Sunday, December 21, 2014

December 21, 2014


December 21, 2014

“Growing old is like being increasingly penalized for a crime you haven’t committed.” The thought of growing old doesn’t bother me, but I’m feeling very vain about my looks changing.   Not long ago I took a self-portrait of myself, with direct sunlight hitting my face.  It was just like looking at the future, or what I would look like in ten years.  I didn’t like it.



Then and there I decided never again will I take a photograph of myself, or allow anyone to do so.  I have a wrist watch, and that very day I threw it on the ground and stepped on it.   A dead watch represents time being stopped.   Yet, even with that, I can feel the energy being sucked out of me.  The only thing that still lives within my system, is anxiety.   It is just like a leaky faucet that drips consistently.  No one else can hear the sound, except me, and I feel cut off from my fellow citizens.  I’m sure there is a pill to make it go away, but I don’t want to cut off the only thing that I can feel.  Even though it’s misery, it is still, essentially, a feeling.   When one doesn’t have that many choices, you have to roll with the dice.



I have read that today is the winter solstice, which means the daylight will be short, and the darkness longer.  The temperature has dropped, but for the life of me, I just don’t want to turn on the heater.   Once I do that, it is admitting to oneself that things have changed, and although I like to think of myself fading into darkness, it is more like time standing still.
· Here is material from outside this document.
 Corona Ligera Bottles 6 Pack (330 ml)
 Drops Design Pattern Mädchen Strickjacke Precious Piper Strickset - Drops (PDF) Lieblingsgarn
You can’t go forward or backward.  My editor Diana told me this: “I’m not sure that digging in our past guilts is a useful occupation for the very old, given that one can do so little about them.  I have reached a stage in which one hopes to be forgiven for concentrating on how to get through the present.” At the moment I feel like a wrapped present, covered by ugly Christmas wrapping and a string with a bow that is too tight.  I just want to do away with all that packaging, and just become my natural state.  In my normal skin.   The skin of a ventriloquist’s dummy.



It would be an interesting experience to sit on one’s lap, and not have a thought in my head.  I’m just responding to the ventriloquist - it’s an one-sided conversation, where I ‘m pretending to respond, but in fact, I’m nothing but wood and pieces of plastic.  Not exactly alive, but neither am I dead - more like ‘living a life’ that’s imagined.